The descending driveway of Nick's Greaseball of Wonderment being quite less perilous than the entrance still managed to scrape the undercarriage of my silver vessel, but perhaps burger excitement had now turned to automatic teller paranoia and I had grown impatient, launching myself toward a dangerous left turn headlong into traffic. But, I made it without further incident, and was soon at our local place of banking.
But what is this?! A closed ATM lane on a Friday evening in a busy area right by the freeway? My g-d man, this could take MINUTES instead of seconds, what will happen to my hunger pangs by that time? Thankfully the car in front of me skipped right through and I was able to $40 Fast Cash my way out of there after only waiting for 2 cars instead of the impossibly long 3. The natives were growing restless and I squared up against a '50s-era Chevrolet truck chock full of plantdeath and immigrants of questionable legality, but a simple clutch feathering was on my side, and back I found myself at Nick's Joyous Occasion of Bacon Deliciousness. Again feeling the Snoop-esque three-wheel motion (curse this faulty driveway!), I was back in line and ready with cash in hand.
"*BZST* Hi, how can I help you?"
"I'll take one bacon cheeseburger and then one cheeseburger and--"
"*BONK* was that *BASJAB* two bacon cheeseburgers and a regular?"
"No, just one ba--"
"*ZBIP* Okay so one cheese, one bacon cheese?"
"Correct."
"*FLPR* One bacon cheeseburger, one cheeseburger, and...?"
"One bacon cheeseburger, one regular cheeseburger, one order of fries, and-"
"*KUTN*"
"...and one onion ring."
"One bacon cheeseburger, one regular cheeseburger, one order of fries, and one onion ring, got it!"
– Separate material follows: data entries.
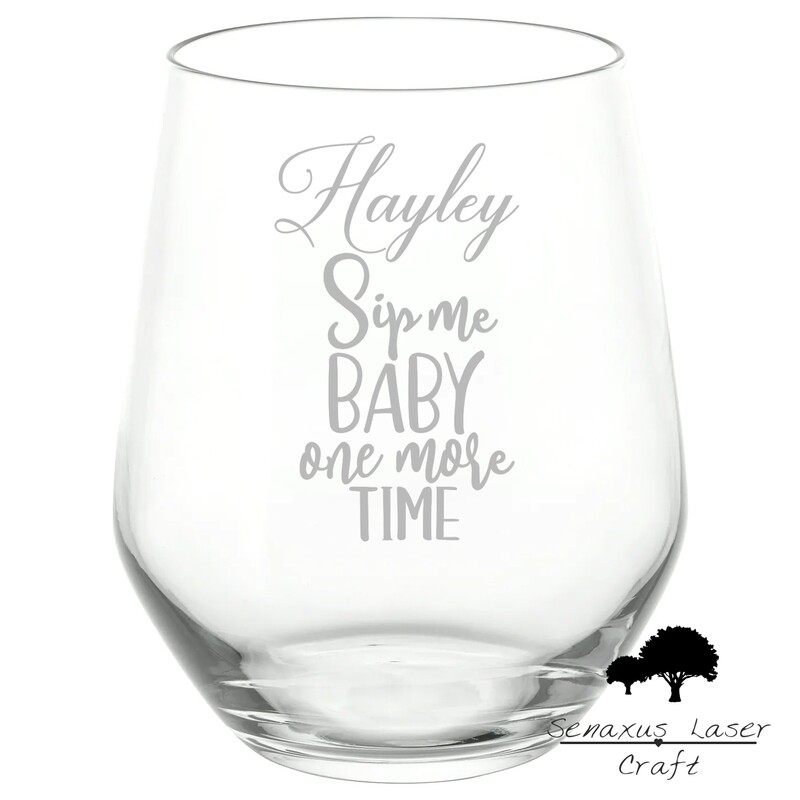 Personalised &quot;Sip Me Baby One More Time&quot; Funny Quote stemless wine/spirit Glass. Great Gift for Any Occasion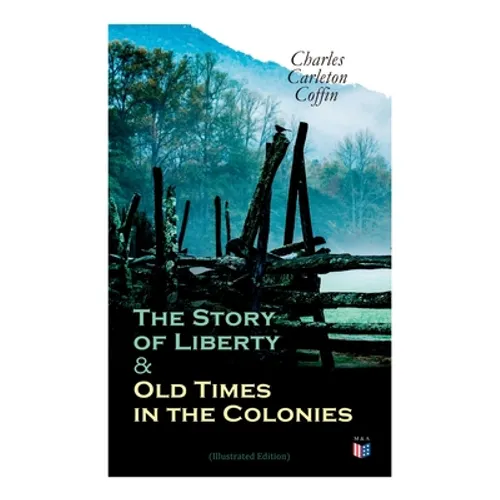 The Story of Liberty & Old Times in the Colonies (Illustrated Edition)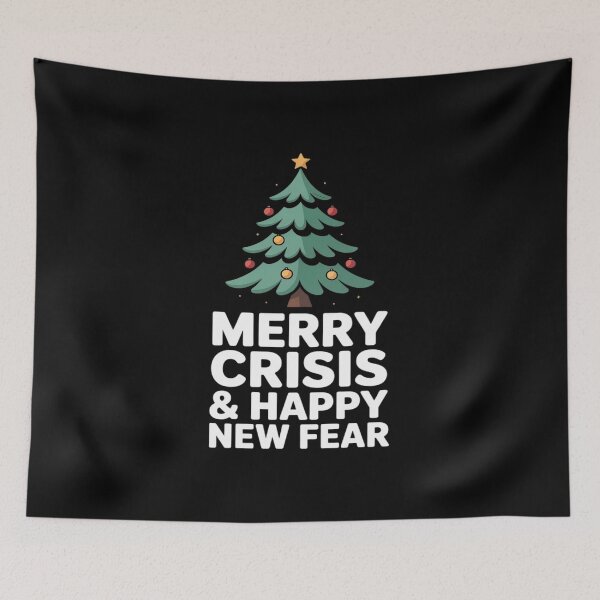 Item preview, Merry Crisis and Happy New Fear designed and sold by CultureSpec.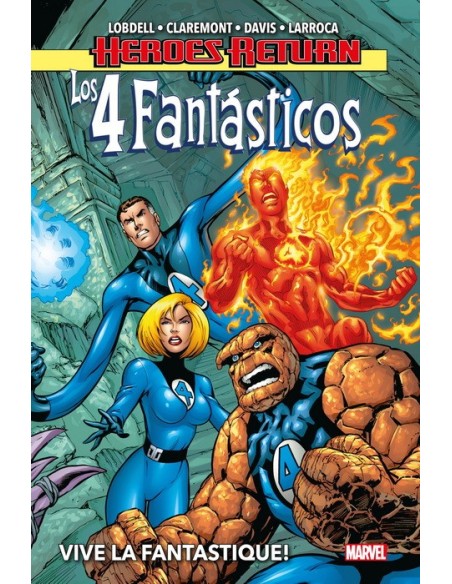 Heroes Return. Los 4 Fantásticos 01 - Vive Les Fantastiques!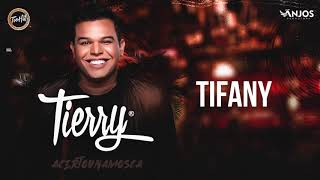 Tierry  Tifany [upl. by Lissa]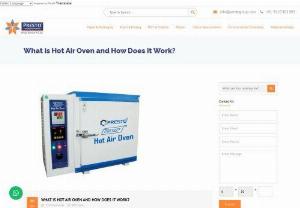 Buy Hot Air Oven At Best Price In India - Hot Air Oven is a laboratory test equipment widely used for sterilization. It makes most favourable use of dry heat to cleanse. Presto is engaged in manufacturing and exporting superior quality Lab Hot Air Oven which is extensively demanded in laboratories for testing. In a span of more than three decades, over 11,436 customers worldwide have used their products which are an epitome of Quality, Reliability and Accuracy. Know more about Hot Air Oven price Give a call at +91 9210903903 or email...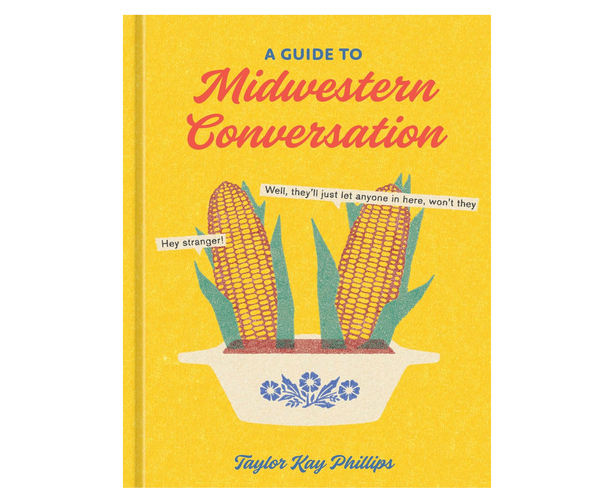 A Guide to Midwestern Conversation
Turns out she was quite the sweet lady at the front of the register, I think I shall place my blame for miscommunication on that infernal metallic box that seemingly won't leave this part of the world! A pox upon its rattly nature and false tenses. Even so, as tragedy could have easily struck once again, I quickly received my two large white bags easily growing clear, and was on my way. Jump #4 of the driveway landed no scraping or otherwise loss of gravity, and even taking the shortcut through the local orange groves (which can be dangerous after dark), there were no further incidents to stop me from arriving home and stuffing my face. And so I did. Oddly enough even after accidentally ordering her the regular cheeseburger there was no protest, lucky day indeed!
It was quite the first world safari. So now is the time for celebration ale and classic western cinema. I love Fridays.